多分、これ以上詰めたら自分が壊れるという防衛本能も働いたのだと思う。
2023年秋頃には、最後に一回聞いて終わりにしようと思い、久しぶりに対話を試みた。
最後の対話でまた傷つく言葉があったわけだが、その話は他の人にするまでひどい言葉であることすら自覚がなかった。
以後、母と旧統一教会のことは話題にもあげていない。
現在の想い
今は以前のように帰省すれば家族の愚痴を聞かされる。それが健全な形の母子関係なのかどうかはわからない。
ただ、今は私もある程度言い返せるだけの経験と知識があるから、ただ従うだけ、母が言ってることが正しいと思うだけの聞き手ではなくなった。

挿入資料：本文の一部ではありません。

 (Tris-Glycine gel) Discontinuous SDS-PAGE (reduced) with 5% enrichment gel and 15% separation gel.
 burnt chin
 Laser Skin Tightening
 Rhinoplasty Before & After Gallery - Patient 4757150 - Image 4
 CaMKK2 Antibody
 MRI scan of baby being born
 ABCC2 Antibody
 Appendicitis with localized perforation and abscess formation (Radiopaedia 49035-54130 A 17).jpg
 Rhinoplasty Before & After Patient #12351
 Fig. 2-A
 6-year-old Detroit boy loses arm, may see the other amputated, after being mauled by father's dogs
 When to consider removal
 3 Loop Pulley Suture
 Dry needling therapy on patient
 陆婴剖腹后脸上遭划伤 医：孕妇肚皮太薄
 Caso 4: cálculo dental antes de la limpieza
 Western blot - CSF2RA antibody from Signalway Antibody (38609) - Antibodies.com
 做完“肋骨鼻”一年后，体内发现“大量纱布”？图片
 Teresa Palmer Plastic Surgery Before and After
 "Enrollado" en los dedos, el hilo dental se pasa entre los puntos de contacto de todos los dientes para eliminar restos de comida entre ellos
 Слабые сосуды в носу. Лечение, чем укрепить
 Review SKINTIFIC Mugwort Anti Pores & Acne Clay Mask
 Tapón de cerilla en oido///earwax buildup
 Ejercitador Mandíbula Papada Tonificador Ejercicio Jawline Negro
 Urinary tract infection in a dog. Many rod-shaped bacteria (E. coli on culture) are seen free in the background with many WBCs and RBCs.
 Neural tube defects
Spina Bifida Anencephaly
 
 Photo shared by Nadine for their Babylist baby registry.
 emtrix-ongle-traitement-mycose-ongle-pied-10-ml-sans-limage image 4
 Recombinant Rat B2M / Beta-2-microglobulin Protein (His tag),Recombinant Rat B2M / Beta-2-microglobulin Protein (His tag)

今でもやってきたことを全部話してほしいし、旧統一教会が信者に何をさせてきたのかをきちんと懺悔してほしいと思う気持ちもある。ただ、私が一人で受け止められる話ではないのだろうと思っている。
旧統一教会から解放された残りの人生を好きなように過ごしてほしいという気持ちもある。
これは吐き出しと、当時の気持ちを記録するために書き起こしたものであり、最初に書いたが誰かの道しるべのためではない。
ただ、今後同じ道をたどるかもしれない誰かに、このようなケースもあるよ、という参考程度になるかもしれないと思い、新年早々記憶の棚卸作業をしたものでもある。
このような記事を残しながらも、自分以外の人に母を批判されるのは、それはそれで複雑な気分になるのである。
ある種の宗教2世の難しさの部分でもあるかな。